La semana pasada estuvimos en la casa de nuestro hijo mayor, celebraba su cumpleaños. Al finalizar la cena, su esposa nos trajo una fuente con los postres, eran pastelitos y helados. Según nos dijo, entre las delicias del momento estaban también los ‘Brownie’. Y aunque el chocolate me encanta, he de confesar que no soy muy amigo de los anglicismos, es algo que heredé de mis padres. Quizá por ello le pregunté a la anfitriona con un poco de deje andaluz: “¿Y eso de los bron o braun qué es, chiquilla?” Mi nuera, siguiendo la broma, me contestó: “¡Opa, si tú quieres, puedes llamarlos marroncitos!”, y me aclaró que son unos pastelitos de bizcocho enriquecidos con chocolate. (Lo de ‘opa’ no tiene en este caso nada que ver con una “Oferta Pública de Adquisición” de acciones en la bolsa, sino que es el nombre cariñoso con el que los alemanes llaman al abuelo, y así lo hace también mi familia conmigo). Todos reímos, también los demás invitados presentes en la cena.

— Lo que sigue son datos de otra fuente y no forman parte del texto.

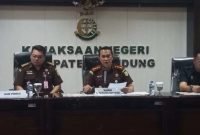 Kepala Kejaksaa Negeri (Kajari) Bale Bandung, Donny Haryono Setyawan, S.H, didampingi Kasi Pidsus Heryanto Hamonangan, dan Kasi Intel Femi Irvan Nasution saat menggelar  keterangan Pers-nya di Aula Kejari, Senin (9/12/2024). (Foto: Ist)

La situación era propicia para hacer una aclaración. Aunque mi familia ya lo sabe, aproveché la oportunidad para explicar a los invitados mi falta de simpatía por el idioma inglés, contando una anécdota de mi adolescencia. Quiero recordar que fue al tener que elegir idioma extranjero en los primeros años del bachillerato. Los idiomas a elegir eran el francés, el inglés y el italiano. Posiblemente le pregunté a mi padre su opinión, y aquí me tienes que su consejo fue para mí una norma de vida: “¡Hijo mío, mientras que los ingleses no nos devuelvan Gibraltar, nosotros no aprendemos el inglés!” Así que elegí francés y salvé, una generación más, la honrilla patriótica de la familia.

Desgraciadamente, mis hijos y nietos ya no pueden pasar sin usar los anglicismos y saber inglés, porque toda la cultura occidental ha sido dominada por los amigos de la coca-cola. Mis hijos, sin preguntarme, aprendieron el inglés, y sé que hoy lo necesitan para su vida profesional. (Algún día les preguntaré, qué piensan sobre Gibraltar). Otro tanto ocurre con mis nietos. El mayor de ellos estuvo recientemente una semana en Inglaterra, fue en un intercambio de su colegio. Y como buen admirador y seguidor de su abuelo (“fan” para los aficionados a la coca-cola), contó a los ingleses que le acogieron, lo del inglés y Gibraltar de su abuelo. Según me contó al regresar, los súbditos de Su Graciosa Majestad le contestaron que los ingleses jamás devolverían Gibraltar a España. Así que me toca seguir esperando.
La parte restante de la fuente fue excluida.